In a press conference on Friday, Schwerte's mayor Heinrich Böckelühr said he and the city council were going to stick with their decision out of conviction.
"The accusation that we in Schwerte are ignorant of our history and insensitive, deeply hit the council and the city administration," the mayor said. "There is a lively welcoming culture here. And putting refugees up in mass shelters, containers or gymnasiums is not our understanding of successful integration."
From forced labor camp to Kindergarten and refugee home
Mayor Böckelühr and members of his city council faced around 30 journalists on Friday - probably more media attention than Schwerte's townhall has ever seen
The contentious refugee home-to-be is on the site of the former Camp Schwerte-Ost, an outpost of the infamous Buchenwald Concentration Camp. The Nazis erected the forced labor camp here where up to some 700 prisoners at a time were held until January 1945. They had to work under grueling conditions, repairing trains of the "Reichsbahn."
The barracks where prisoners and guards lived have long been torn down. A historic investigation that the town ordered after it became swept up in the media frenzy showed that all the houses on the camp's areal were built in the late 1950s.
Now, 70 years later, 11 male refugees from Guinea, Morocco, Egypt and Bangladesh will move into the building that until recently had housed a kindergarten and artist studios. When the rest of the rooms are ready, 10 more men will move in.
The house looks rather dilapidated from the outside. It's a good 15-minute drive from Schwerte's central town hall to the area which, today, is in the midst of a rundown industrial zone. Right across the street is a noisy factory site. There are no supermarkets, residential areas, or any other options close by where the refugees could mingle with local residents, or buy necessities. That could make integration tough.
To reach a nearby memorial site commemorating the forced laborers who died at the Buchenwald satellite camp, one has to walk along the main street for 100 meters or so and then turn onto a small path. The memorial is a short piece of original train track, whose railroad ties are five stone men, one of them with his mouth opened in a silent scream and one whose head is no more than a skull.
Schwerte erected the memorial in 1990, during a time when remembering the Nazi past was not as wide-spread in Germany as it is today
Criticism from above
State leaders find the decision to house refugees in this environment curious, to say the least. North Rhine-Westphalia's State Premier Hannelore Kraft called it "not a good sign" to house refugees who escaped war and suffering in a former Nazi labor camp. On Thursday, Kraft called on local officials to carefully weigh their decisions and think about it more.

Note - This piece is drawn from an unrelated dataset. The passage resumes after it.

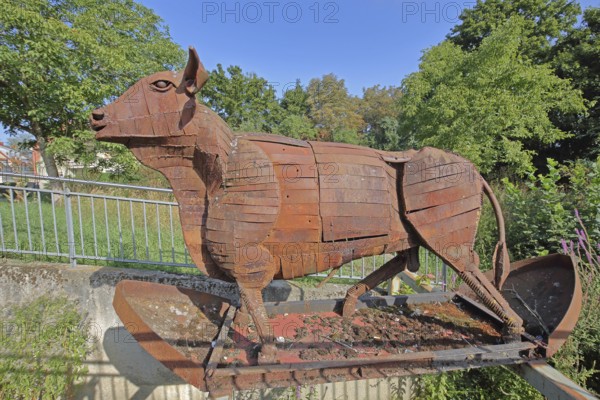 Sculpture by Clemens, rusty ox figure, metal sculpture, forging, life-size, Volkach, Lower Franconia, Franconia, Bavaria, Germany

Mayor Böckelühr does not appreciate what he perceives as meddling from above. "With all due respect, we don't need criticism from the state premier," he said. "What we could use is concrete advice: if you don't want us to do it this way, where else should we put the refugees?"

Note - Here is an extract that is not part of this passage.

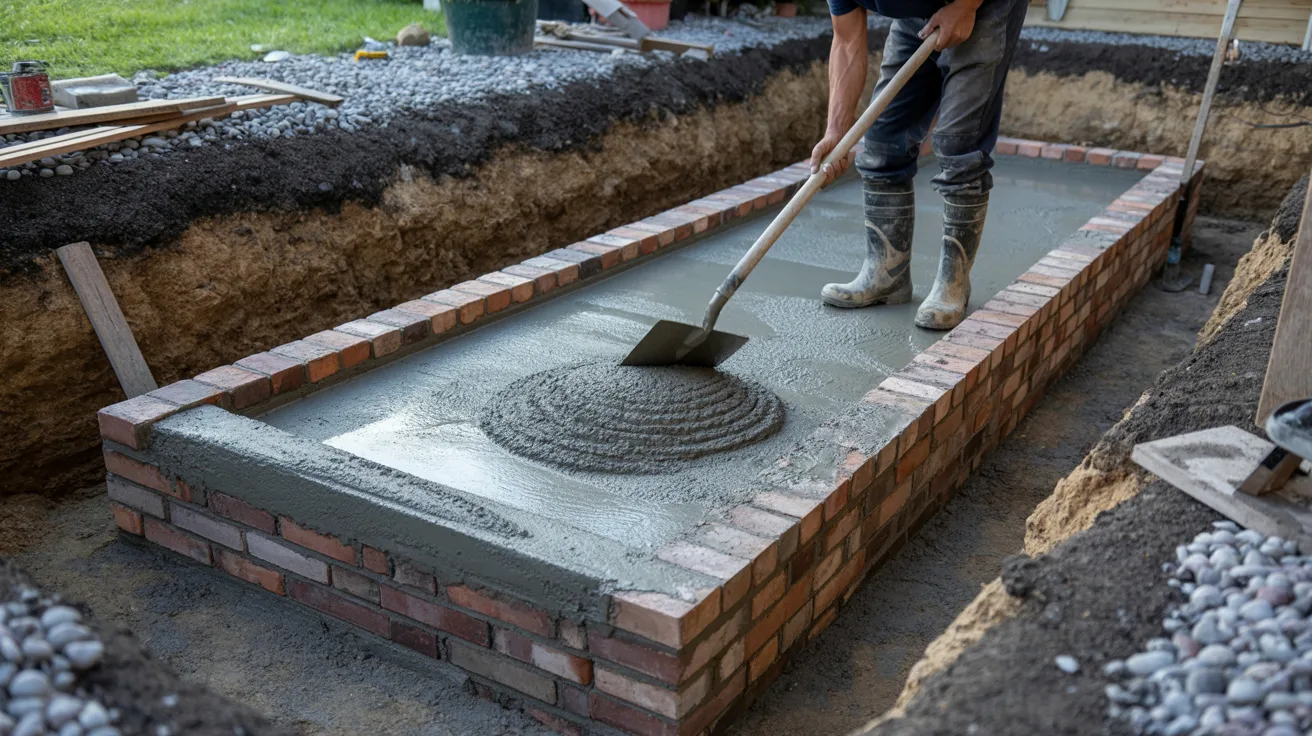 Concrete foundation trench prepared for brick wall construction at a residential site.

The city of Schwerte is deep in debt and has struggled to accommodate more and more refugees recently. At the moment, there are 173 refugees in three temporary facilities, which are operating at capacity. Between October 2014 and January 15, 2015, North Rhine-Westphalia has allocated 64 persons to Schwerte.
The question of whether the men who will move into the new refugee home have been informed of what their new home used to be was asked numerous times during Friday’s press conference - but not clearly answered.
That’s one issue that Schwerte resident Jens Kritzler is concerned about. The 33-year-old says that this information needs to be made clear to the refugees. "If they say 'we don't care, the main thing is that we get a nice new home' then I think it's fine" to house them on the grounds of the former labor camp.
Daniel Schumacher, a Schwerte resident who runs a club in nearby Dortmund, criticized that the city only really researched the area and invited the public and media to a press conference when the story was already all over the news. "The city of Schwerte didn't act, but had to react," the 28-year-old said. "They committed a political faux-pas." He also worries about his hometown's reputation in Germany - and the world over. Even the New Zealand Herald reported on Schwerte with the headline "German town mulls housing refugees in Nazi concentration camp."